━━ Data segment ━━

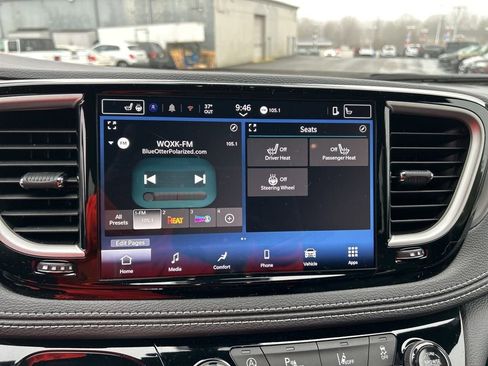 New 2026 Chrysler Pacifica Select image 14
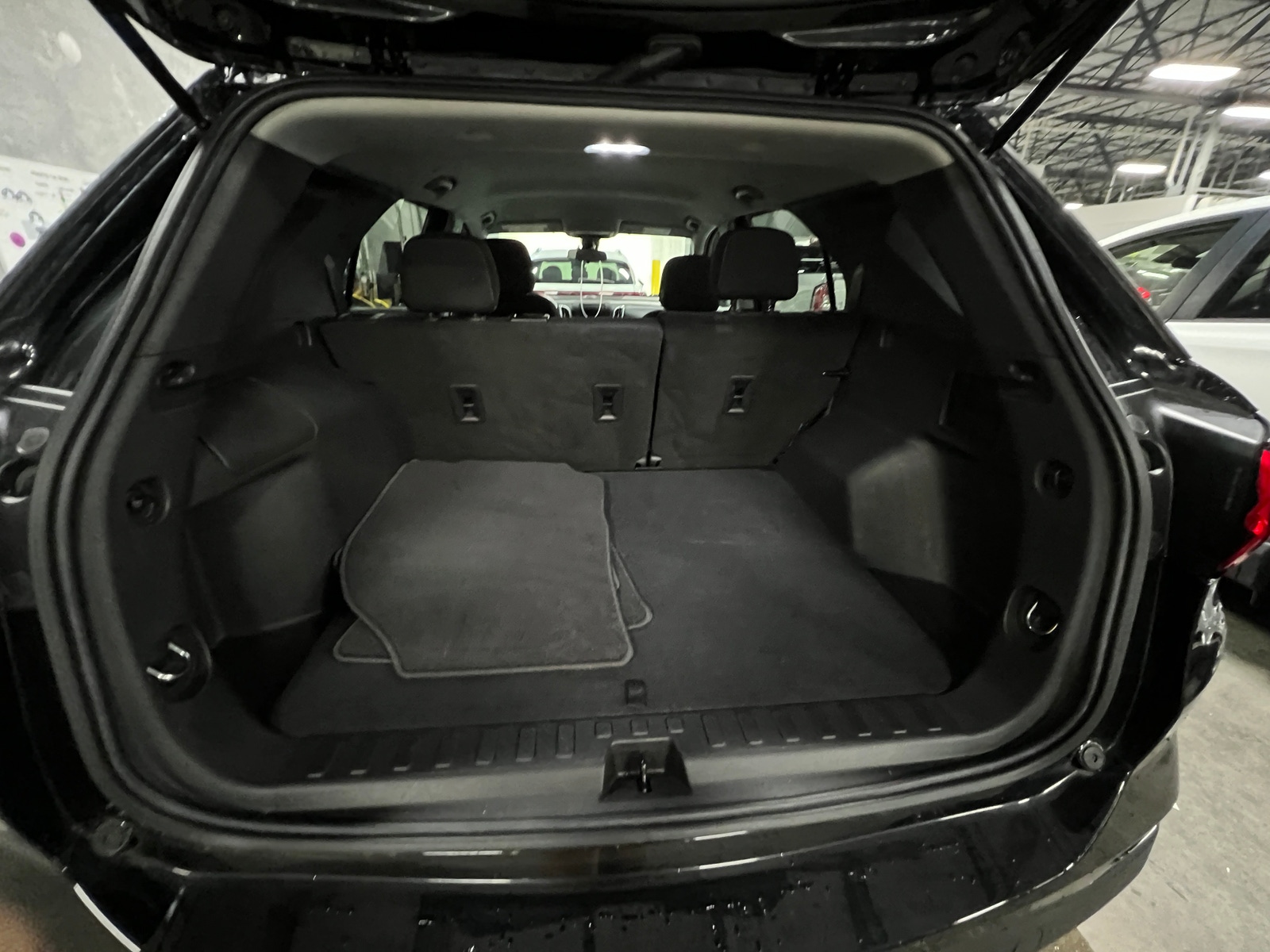 Thumbnail: 2022 Chevrolet Equinox - 7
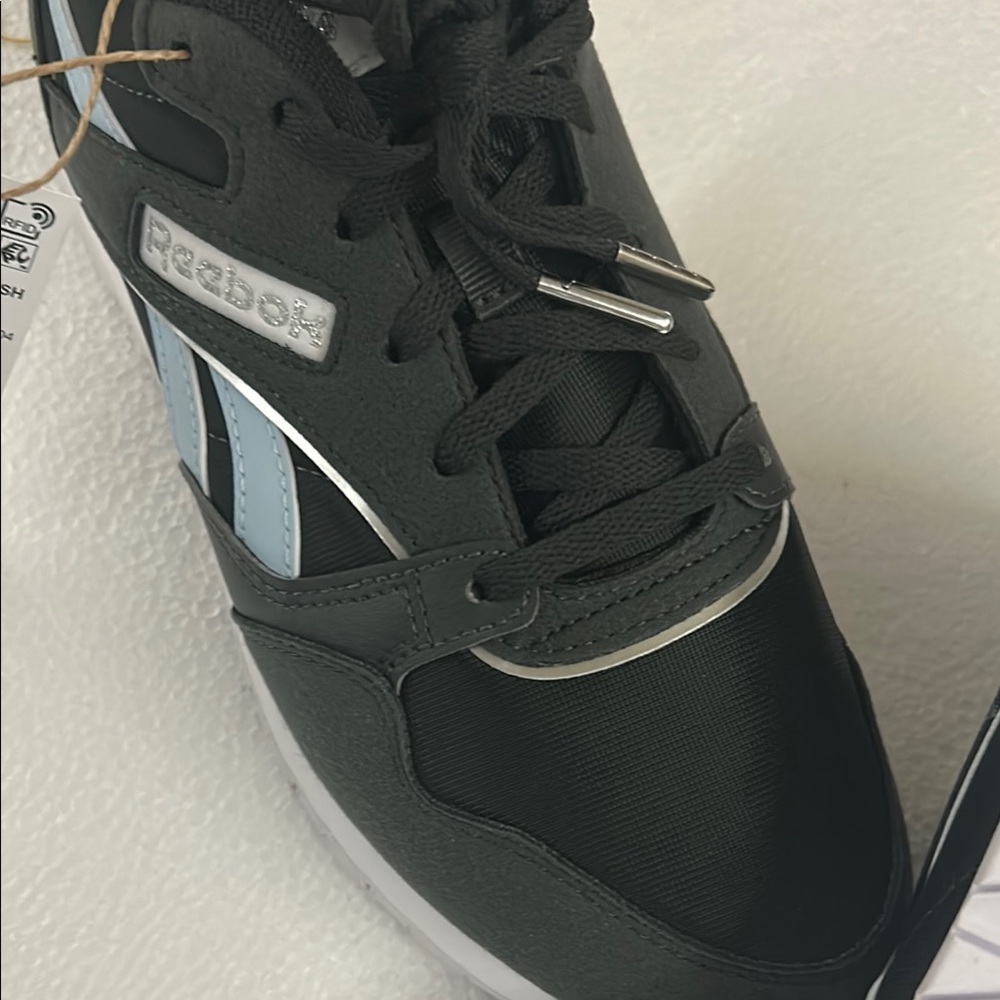 Reebok Black and Light Blue Sneakers - Picture 5 of 10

━━━

The material above should be repeated word for word, with every picture omitted.

 New 2026 Chrysler Pacifica Select image 14
 Thumbnail: 2022 Chevrolet Equinox - 7
 Reebok Black and Light Blue Sneakers - Picture 5 of 10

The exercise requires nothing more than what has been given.